Embora sem mencionar o Mercosul, declarou sua expectativa de "fortalecimento dos organismos subregionais, regionais e mundiais" e, diante das presidentes do Brasil e da Argentina, afirmou: "Participamos e participaremos destes organismos para consolidar a democracia, fomentar a integração, a cooperação e a vigência dos direitos humanos".
Omitir a palavra "Mercosul" em contexto tão evidente foi um gesto deliberado de Cartes. Trata-se de mostrar brio ao público interno, ainda sensibilizado pela manobra que suspendeu o Paraguai do bloco, há pouco mais de um ano.
Faz parte do mesmo teatro a recusa paraguaia de retornar ao Mercosul enquanto a liderança do grupo couber à Venezuela --o país, não é demais lembrar, ingressou no bloco à revelia de Assunção.
Não devem passar daí, contudo, as mágoas de Cartes. De acordo com o Centro de Análise e Difusão da Economia Paraguaia, cerca de 30% do PIB do país depende das relações com o Mercosul.
Nenhum país poderia dar-se o luxo de abrir mão desse proveitoso comércio internacional --muito menos o Paraguai, onde metade da população é pobre.
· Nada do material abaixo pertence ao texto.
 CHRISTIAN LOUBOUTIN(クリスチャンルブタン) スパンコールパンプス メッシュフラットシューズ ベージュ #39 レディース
Cartes, megaempresário que não desfruta do mesmo apelo popular do ex-presidente Fernando Lugo --afastado do cargo por um impeachment no ano passado--, sabe que precisa aproveitar as "frutíferas relações com os países vizinhos".
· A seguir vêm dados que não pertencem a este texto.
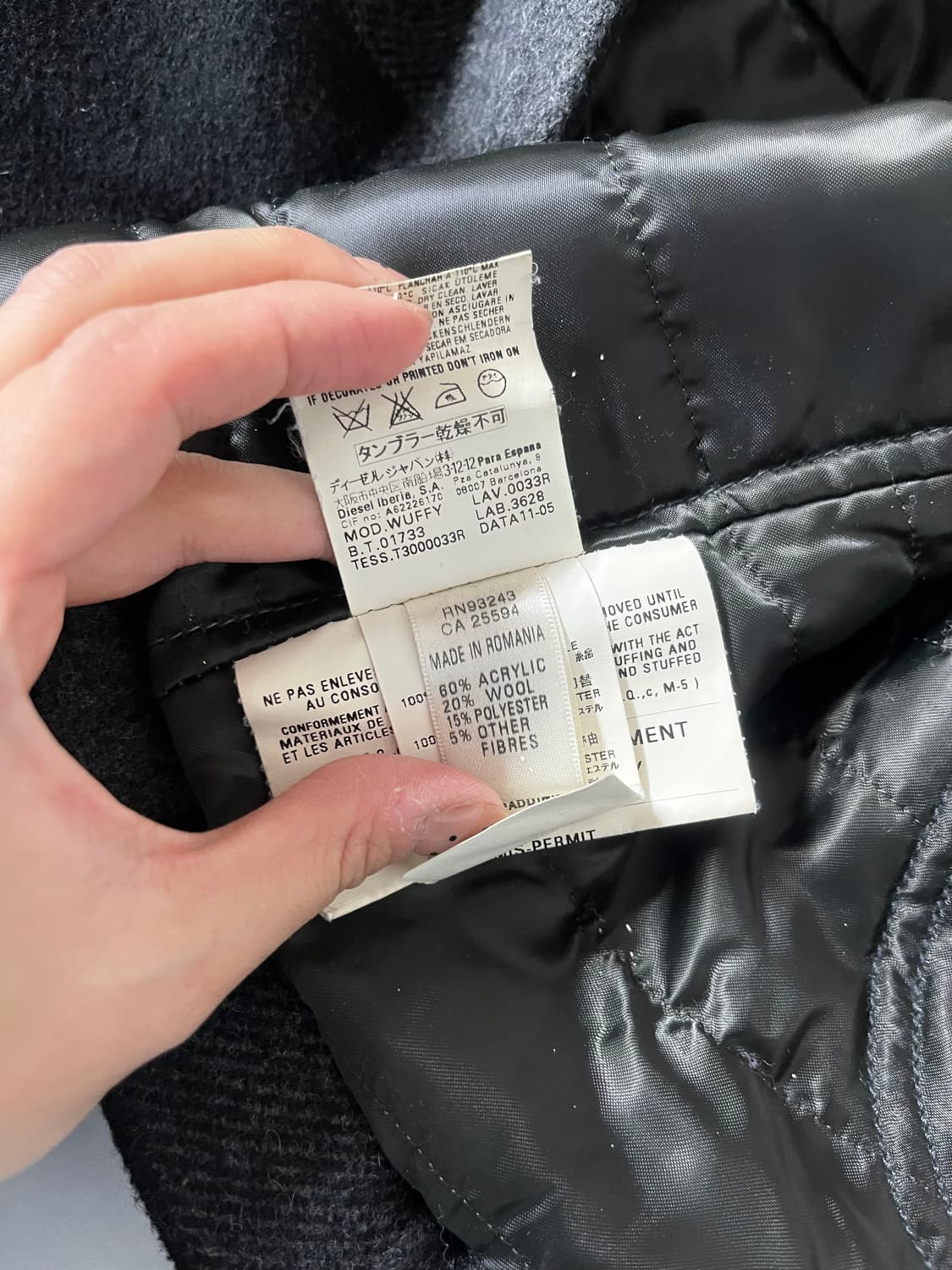 M) 디젤 DIESEL 빈티지 체크 코트 차콜 상품이미지9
O Brasil, de sua parte, fez dois gestos de reconciliação, com a presença de Dilma Rousseff na posse e o anúncio de que voltará em breve a ter embaixador em Assunção --retirado, numa decisão imprópria, em reação à saída de Lugo.
O Brasil também se beneficia das intenções pragmáticas de Cartes. Afora os cerca de 350 mil brasileiros que vivem e trabalham no Paraguai, as complexas relações fronteiriças entre os países e o imbróglio acerca do preço da energia de Itaipu constituem boas razões para manter laços estreitos.
Como se não fossem motivos suficientes, o passado obscuro de Cartes, sobre quem pairam fortes suspeitas de envolvimento em contrabando de cigarros e em lavagem de dinheiro, também recomenda que a condução do país vizinho seja acompanhada de perto.